--- Work to be completed ---
The lines from the one containing "Denizde rahatsızlanan balıkçının" through the last one in the data: please copy those exactly, and only those, without the pictures.
::: Entries provided
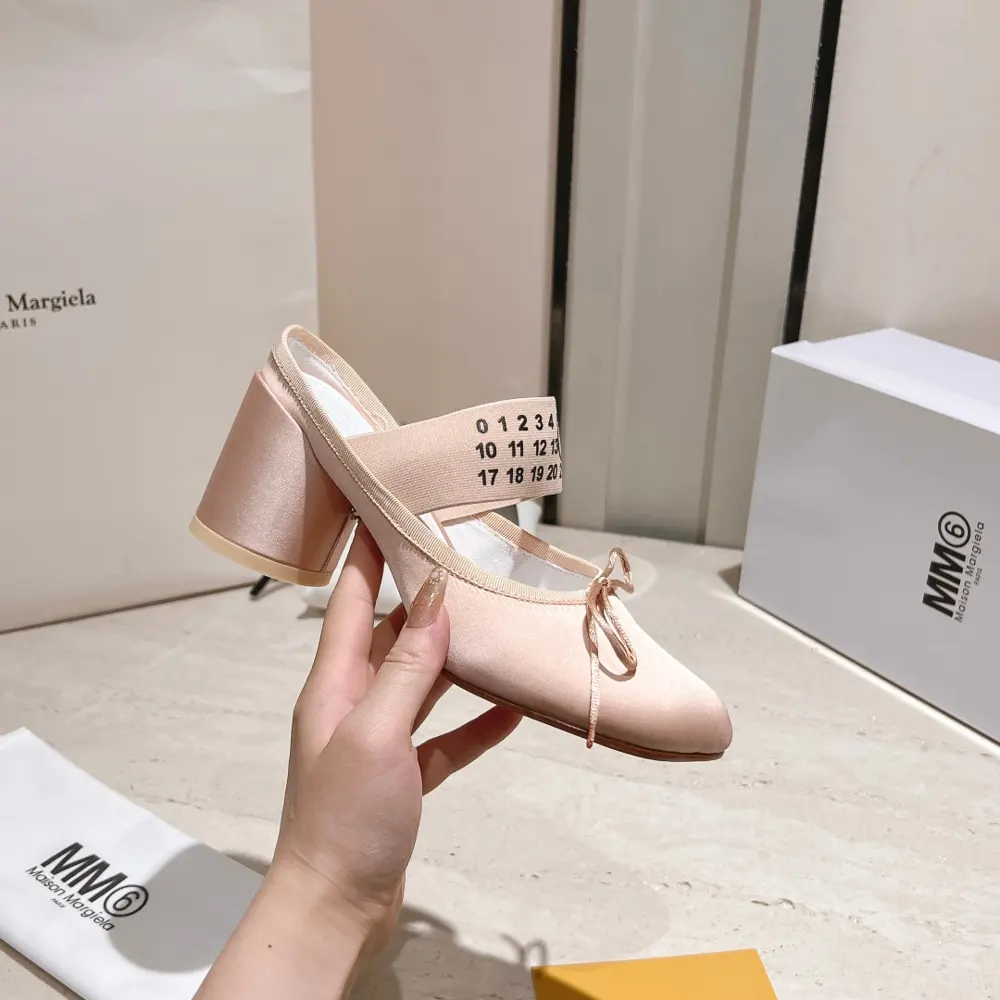 Maison Margiela MM6 early spring new thick heel apple head ballet shoes half slippers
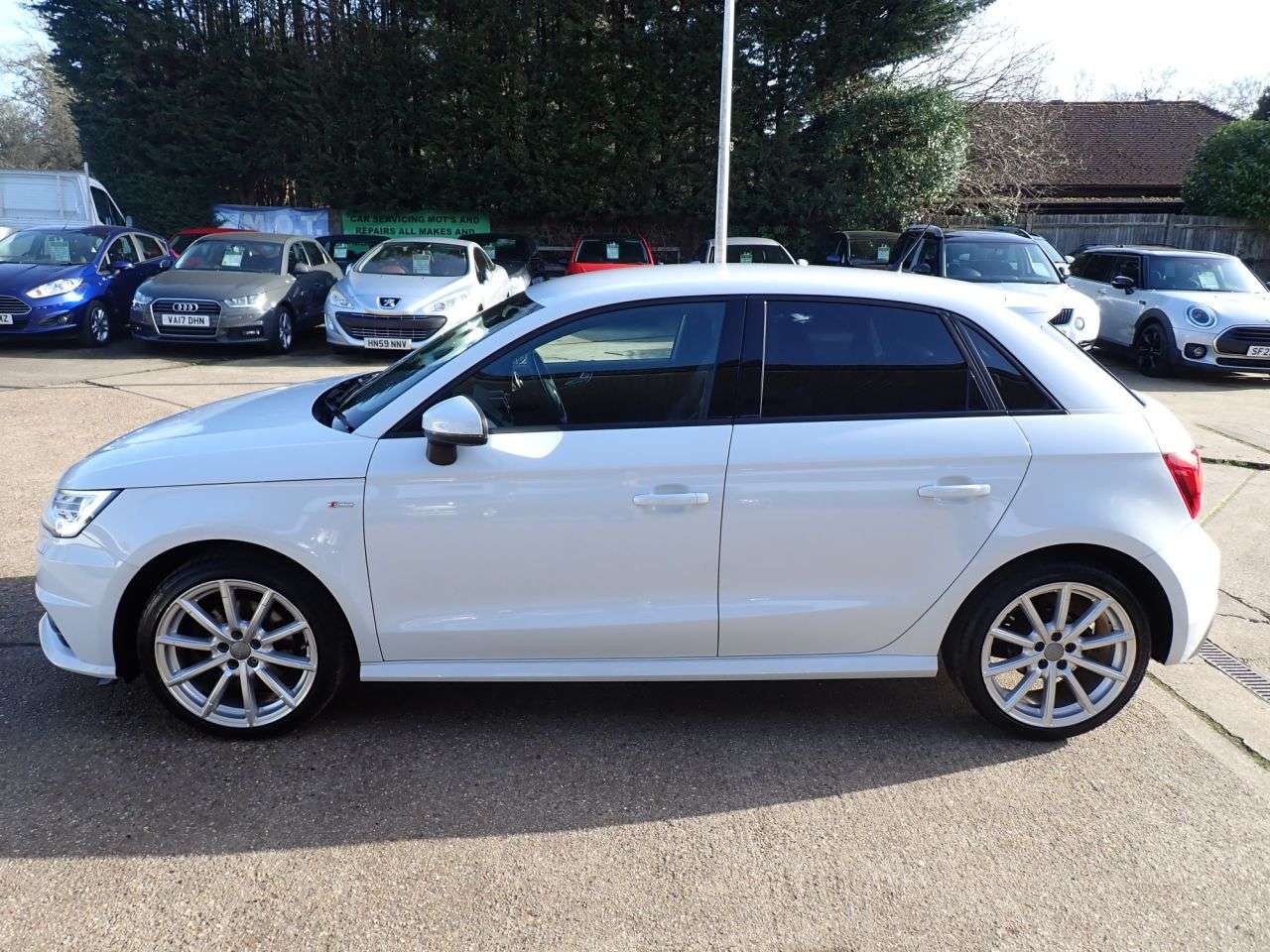 2016 AUDI A1 2016 AUDI A1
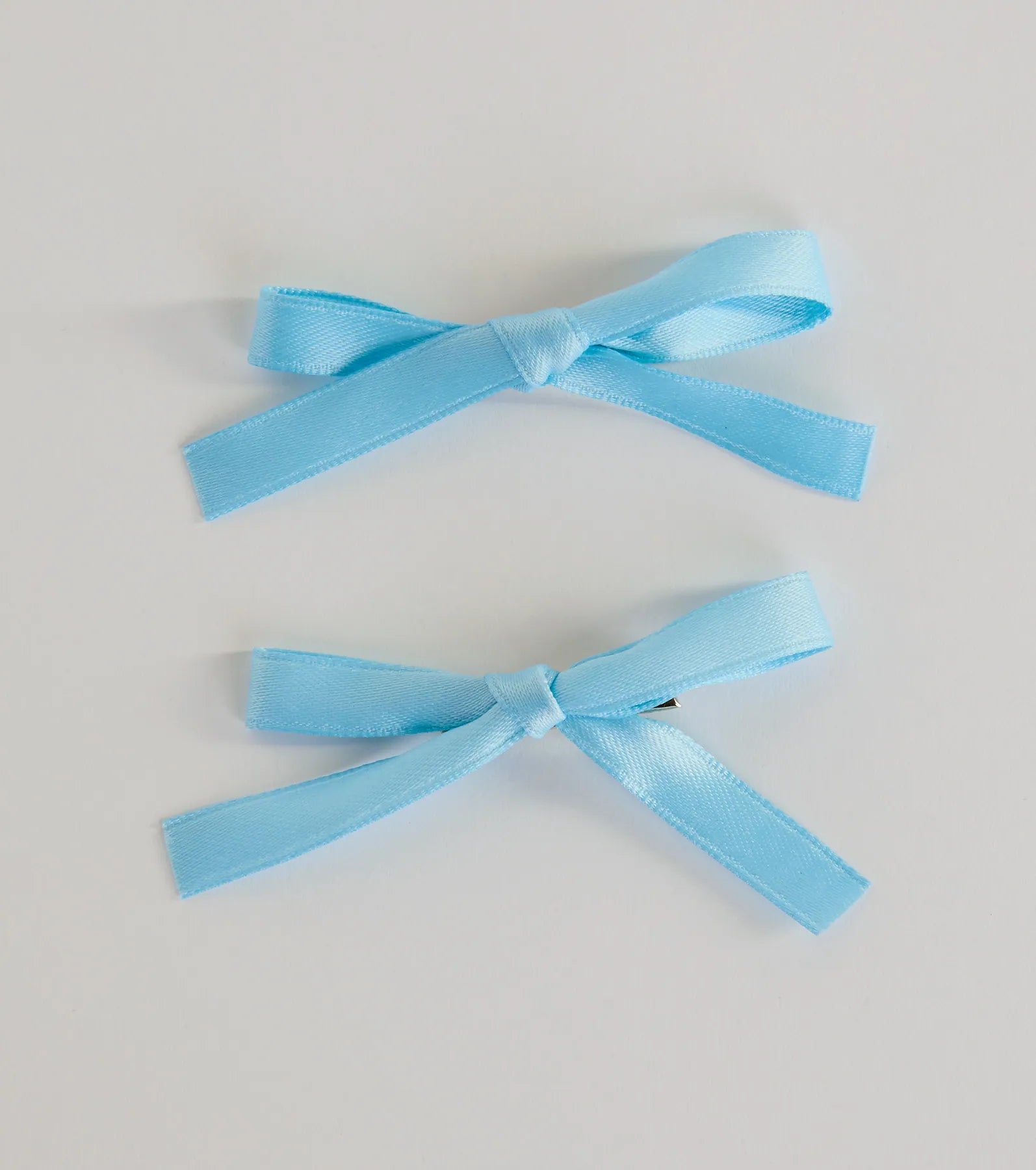 Dainty And Chic Short Hair Bow Clip Set - Image 4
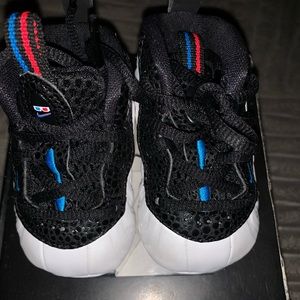 2C baby nike gym shoes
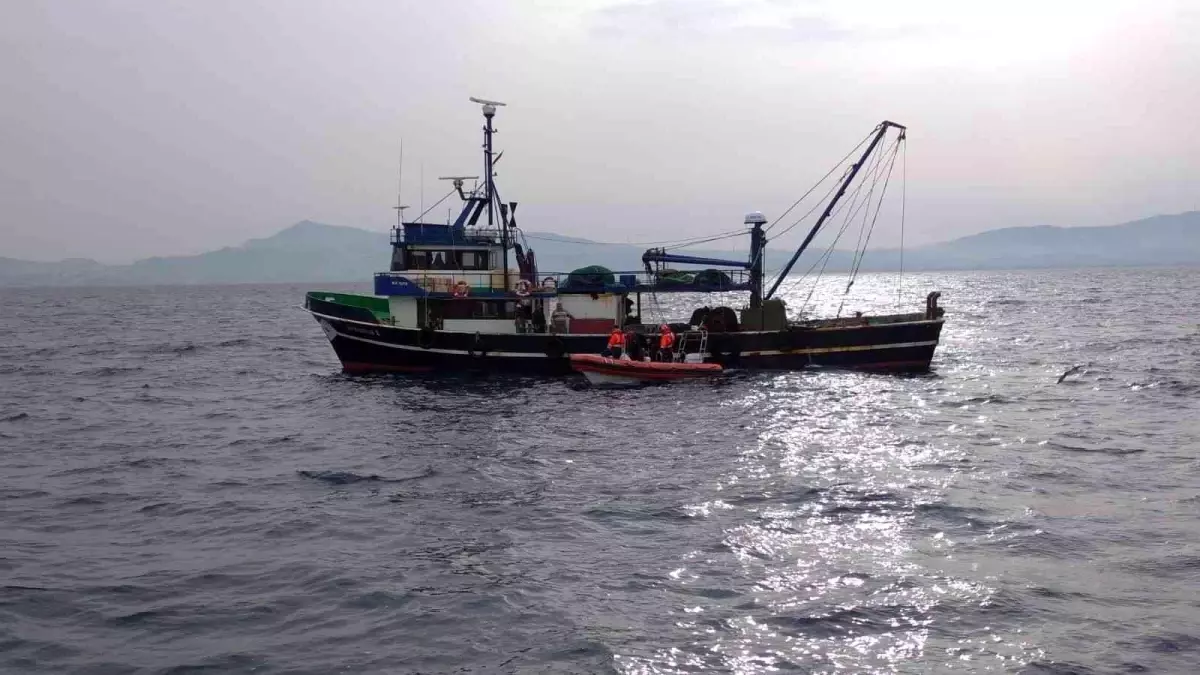 Denizde rahatsızlanan balıkçının yardımına sahil güvenlik ekipleri yetişti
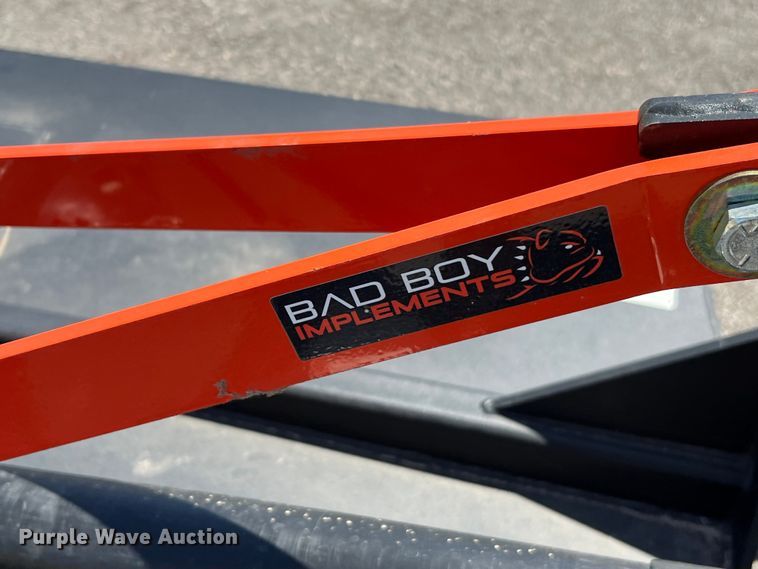 image for item LF9383 Kubota M7060D  MFWD tractor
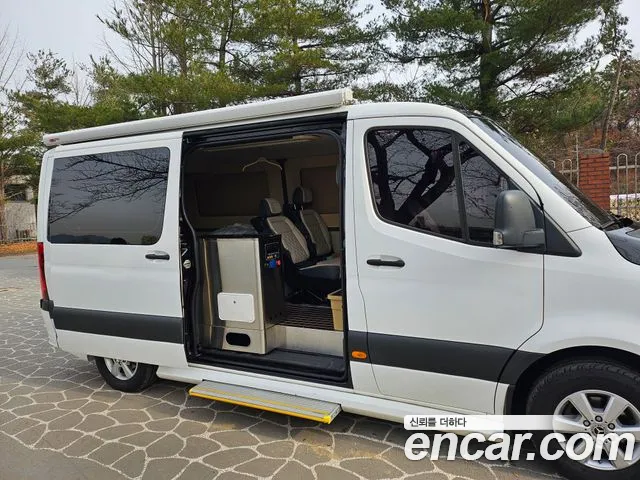 Mercedes-Benz Sprinter W907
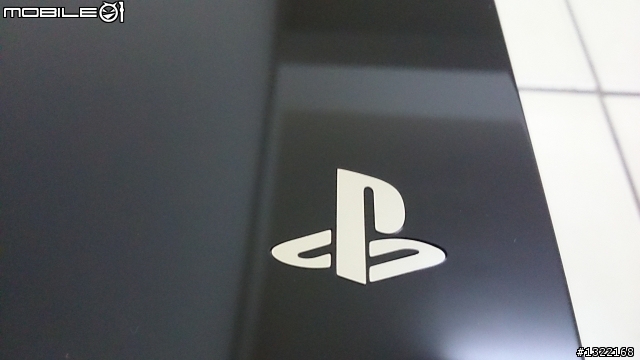 入手了！ＰＳ４簡單開箱！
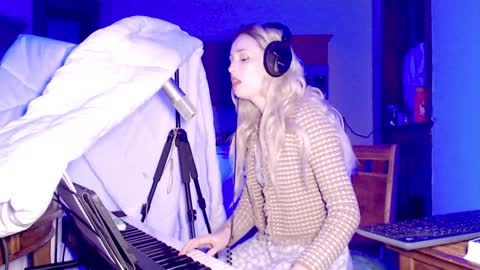 LylacDoll online show from 01.15.25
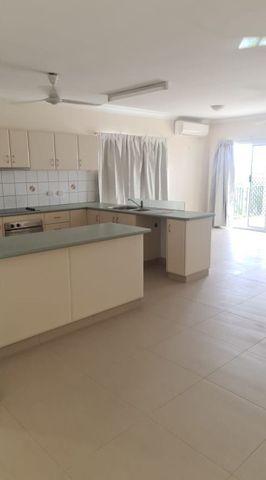 SPACIOUS MARINA-VIEW APARTMENT MINUTES FROM THE CITY - Photo 5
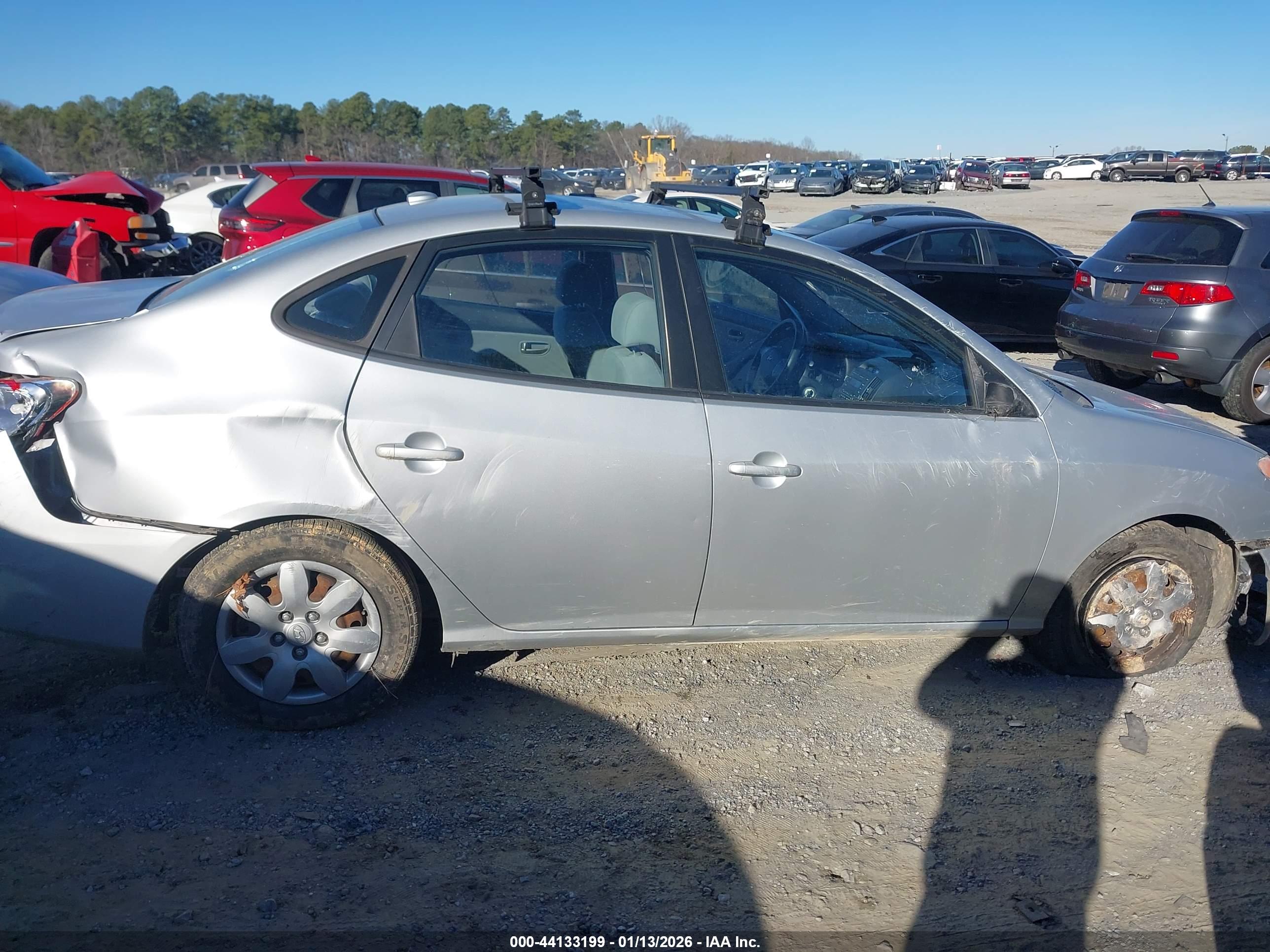 HYUNDAI ELANTRA image 6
::::::
--- Result ---
 Denizde rahatsızlanan balıkçının yardımına sahil güvenlik ekipleri yetişti
 image for item LF9383 Kubota M7060D  MFWD tractor
 Mercedes-Benz Sprinter W907
 入手了！ＰＳ４簡單開箱！
 LylacDoll online show from 01.15.25
 SPACIOUS MARINA-VIEW APARTMENT MINUTES FROM THE CITY - Photo 5
 HYUNDAI ELANTRA image 6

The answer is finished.